For Sentencing Reform Bill To Pass, Cornyn Must Convince GOP Colleagues


U.S. Senator John Cornyn (R-TX), a former judge and attorney general, is a devoted believer in the pending federal sentencing overhaul bill. Now, reports the New York Times, he just has to convert doubting Republican colleagues. Cornyn, the No. 2 Senate Republican and a main author of the legislation, which would cut some sentences and ease re-entry after prison, is working to address fears from fellow Republicans that passage of the bill could set loose some dangerous offenders and diminish the party's law-and-order image. Acknowledging the deep skepticism, Cornyn said his job was to educate Republicans who were only beginning to focus on the legislation and to make clear that it would not throw open the gates of federal prisons. “Nobody is getting out of jail free, which is some of the characterization that is out there,” said Cornyn, who describes himself “as conservative as they come.”
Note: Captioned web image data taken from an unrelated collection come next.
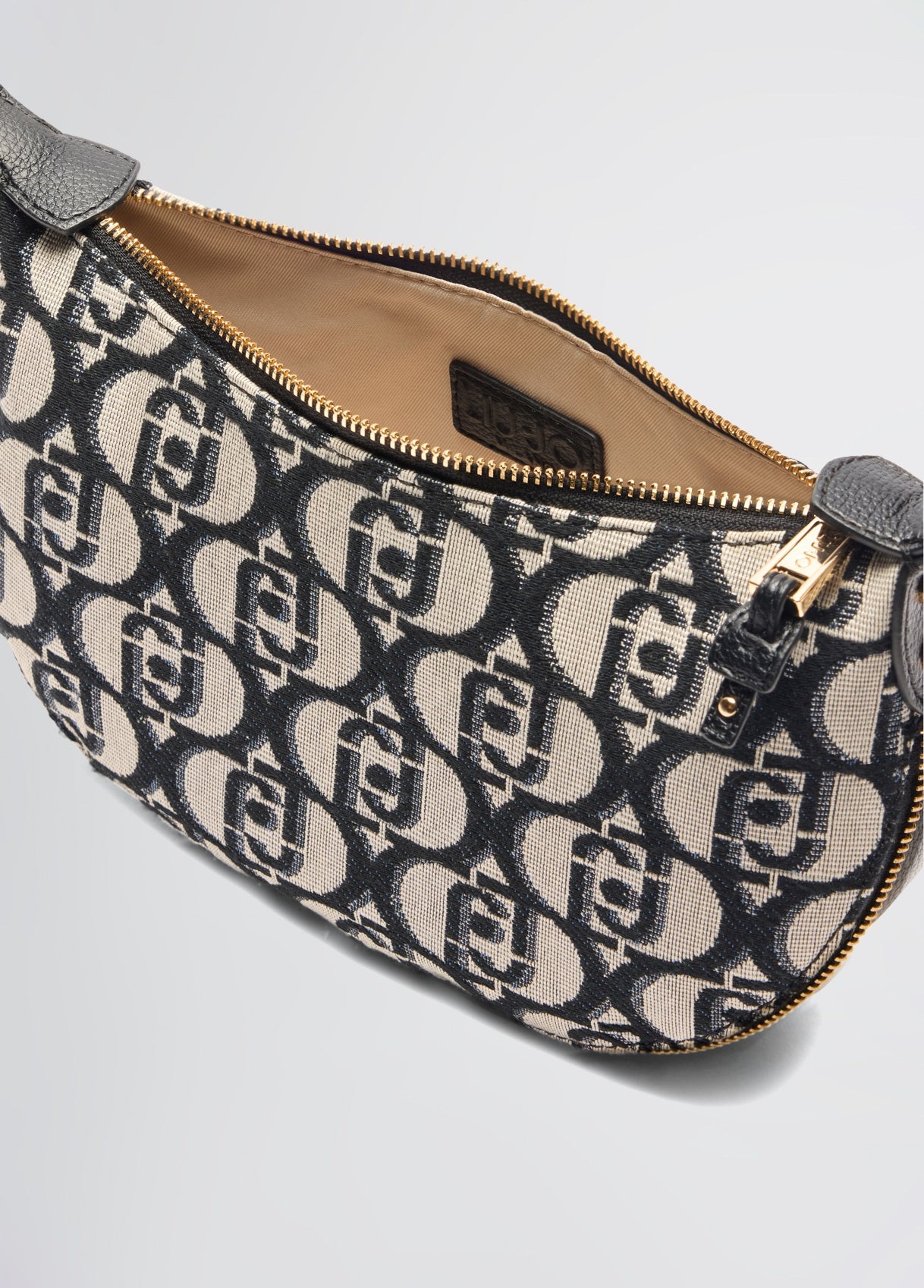 AA5043T334222222T.U.-black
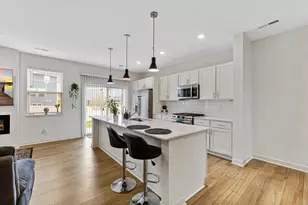 2006 Tyrone Dr, Shakopee, MN 55379 - Photo 7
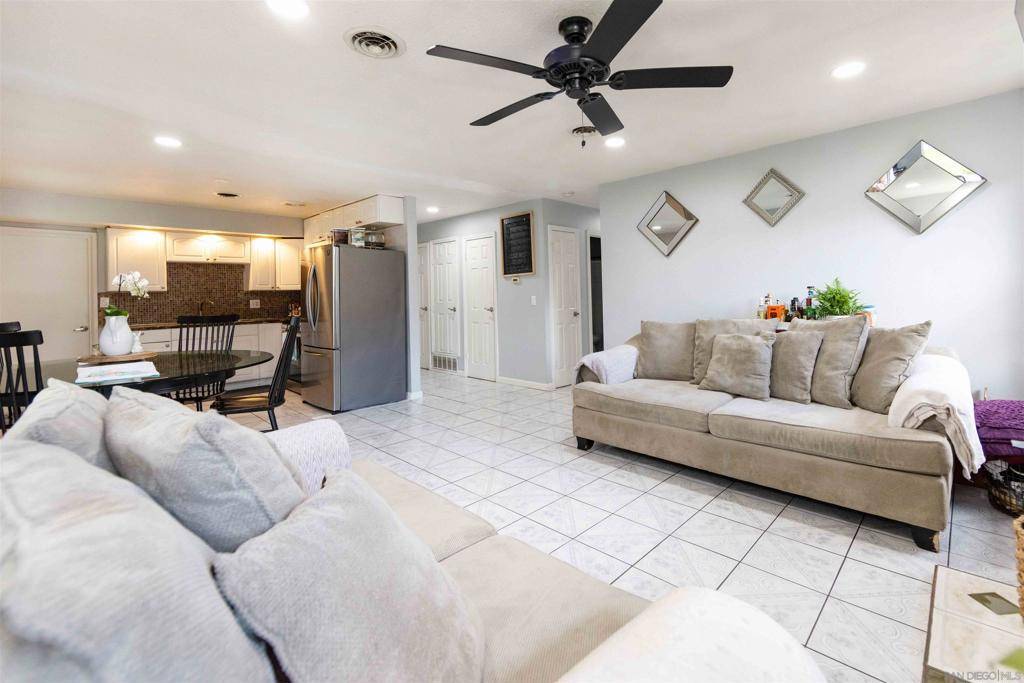 Stanton, CA 90680,8171 Orangewood Ave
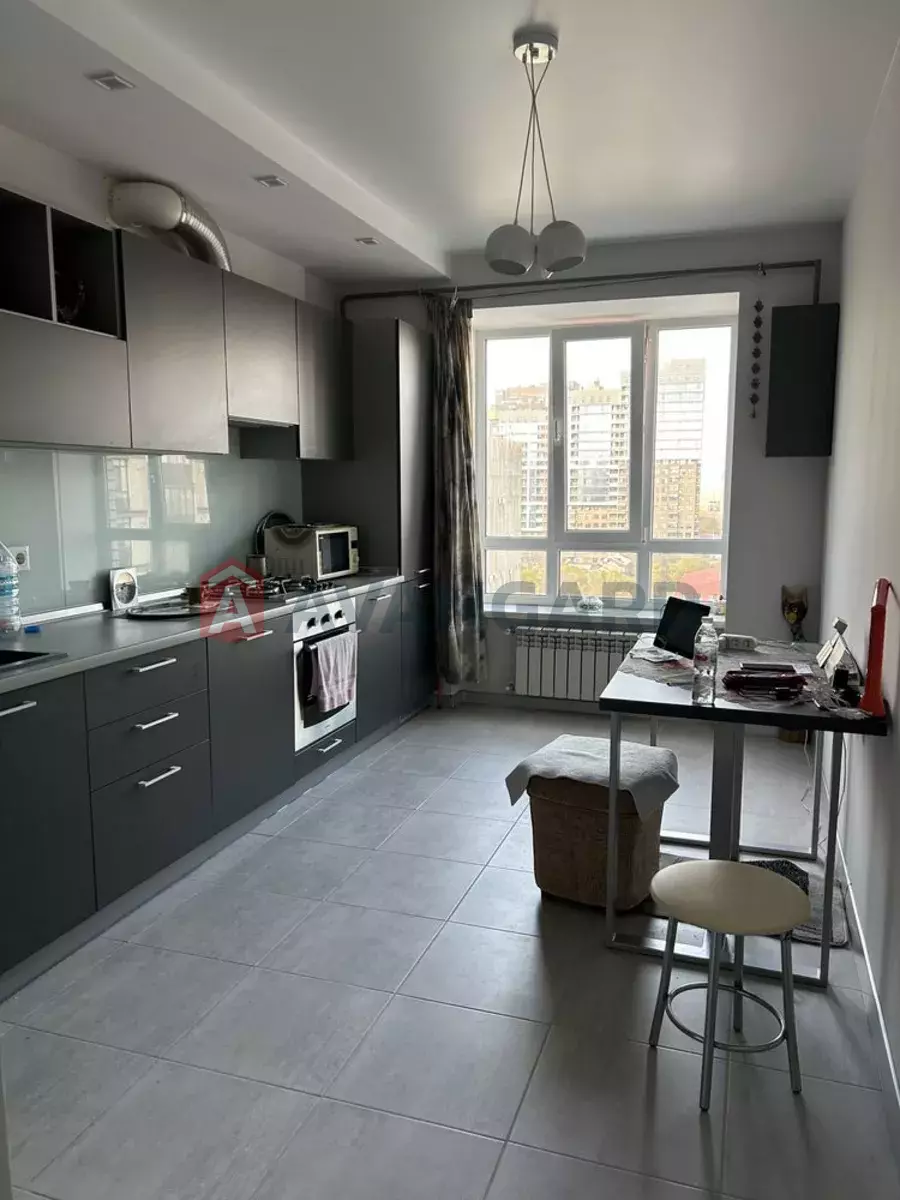 1 кім. квартира, 43/-/12 кв. м., 11/12 поверх фото 1 1 кім. квартира, 43/-/12 кв. м., 11/12 поверх фото 1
For months, momentum has been building for a package aimed at easing mandatory minimum sentences for nonviolent offenders. The effort has been driven by an unusual right-left alliance that includes the conservatives Charles and David Koch and the American Civil Liberties Union. Majority Leader Mitch McConnell (R-KY) has been cautious on the issue, and other Republicans have expressed increasingly vocal opposition, with the latest resistance coming from Senator Tom Cotton (R-AR). Opposition to the legislation boiled up at a closed party lunch last week. McConnell reminded senators of the case of Willie Horton, the Massachusetts felon who committed violent crimes while on furlough and became an issue in the 1988 presidential race. “I don't believe we should allow thousands of violent felons to be released early from prison, nor do I believe we should reduce sentences for violent offenders in the future,” Cotton said. He said that the criminal justice legislation was being driven by a “myth” of mass incarceration of low-level, nonviolent offenders in federal prisons, and that most prisoners had already cut their sentences under plea bargains.